:: Source data ::
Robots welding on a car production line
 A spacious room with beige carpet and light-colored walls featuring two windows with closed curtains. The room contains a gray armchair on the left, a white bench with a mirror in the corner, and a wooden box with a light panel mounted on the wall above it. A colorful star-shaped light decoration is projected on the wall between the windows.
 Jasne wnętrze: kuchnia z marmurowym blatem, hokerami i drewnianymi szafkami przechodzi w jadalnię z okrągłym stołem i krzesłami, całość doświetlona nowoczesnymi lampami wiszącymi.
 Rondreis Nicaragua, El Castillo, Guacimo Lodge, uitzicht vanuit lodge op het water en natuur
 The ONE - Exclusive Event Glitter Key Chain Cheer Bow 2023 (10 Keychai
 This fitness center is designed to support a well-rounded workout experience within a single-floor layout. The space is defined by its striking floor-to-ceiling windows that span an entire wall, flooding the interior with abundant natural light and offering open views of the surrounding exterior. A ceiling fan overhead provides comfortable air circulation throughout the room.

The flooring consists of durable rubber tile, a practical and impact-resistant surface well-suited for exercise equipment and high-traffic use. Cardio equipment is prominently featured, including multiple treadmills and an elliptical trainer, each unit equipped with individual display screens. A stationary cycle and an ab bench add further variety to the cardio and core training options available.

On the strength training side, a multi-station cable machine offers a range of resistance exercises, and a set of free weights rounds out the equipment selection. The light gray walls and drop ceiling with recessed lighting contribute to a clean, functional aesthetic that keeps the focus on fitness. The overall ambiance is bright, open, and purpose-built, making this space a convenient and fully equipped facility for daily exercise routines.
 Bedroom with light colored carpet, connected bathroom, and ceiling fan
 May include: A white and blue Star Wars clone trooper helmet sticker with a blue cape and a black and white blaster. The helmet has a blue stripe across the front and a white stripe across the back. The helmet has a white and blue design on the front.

:: Brief ::
Please copy the line that holds "Bedroom with light" and each line under it through the last line above, exactly as they stand, adding nothing.

:: Output ::
 Bedroom with light colored carpet, connected bathroom, and ceiling fan
 May include: A white and blue Star Wars clone trooper helmet sticker with a blue cape and a black and white blaster. The helmet has a blue stripe across the front and a white stripe across the back. The helmet has a white and blue design on the front.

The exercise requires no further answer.